▶ _EXERCISE DESCRIPTION_
Exactly and only the lines below from the one containing "A CRANBERRY AND" down to the one containing "Photo: Tomatoes with" are wanted, both included; please exclude every picture.

▶ _TASK MATERIAL_
----
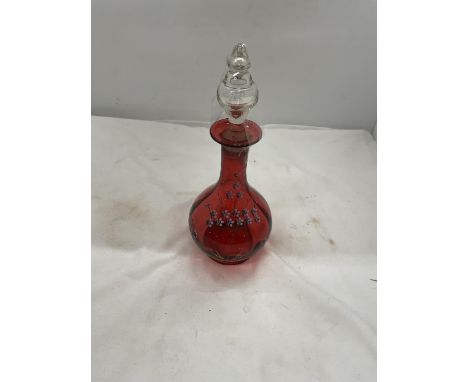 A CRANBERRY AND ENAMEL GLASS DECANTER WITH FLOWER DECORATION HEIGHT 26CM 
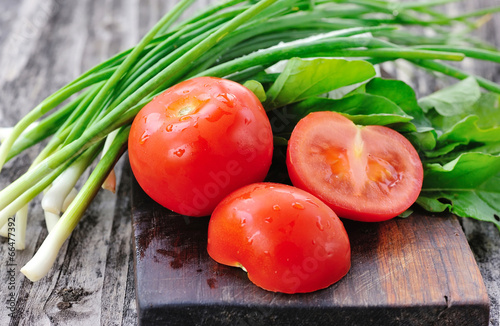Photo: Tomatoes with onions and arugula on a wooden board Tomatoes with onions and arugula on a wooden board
----
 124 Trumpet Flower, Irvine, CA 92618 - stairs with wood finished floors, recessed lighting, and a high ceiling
----
▶ _ANSWER TO THE PROBLEM_
 A CRANBERRY AND ENAMEL GLASS DECANTER WITH FLOWER DECORATION HEIGHT 26CM 
Photo: Tomatoes with onions and arugula on a wooden board Tomatoes with onions and arugula on a wooden board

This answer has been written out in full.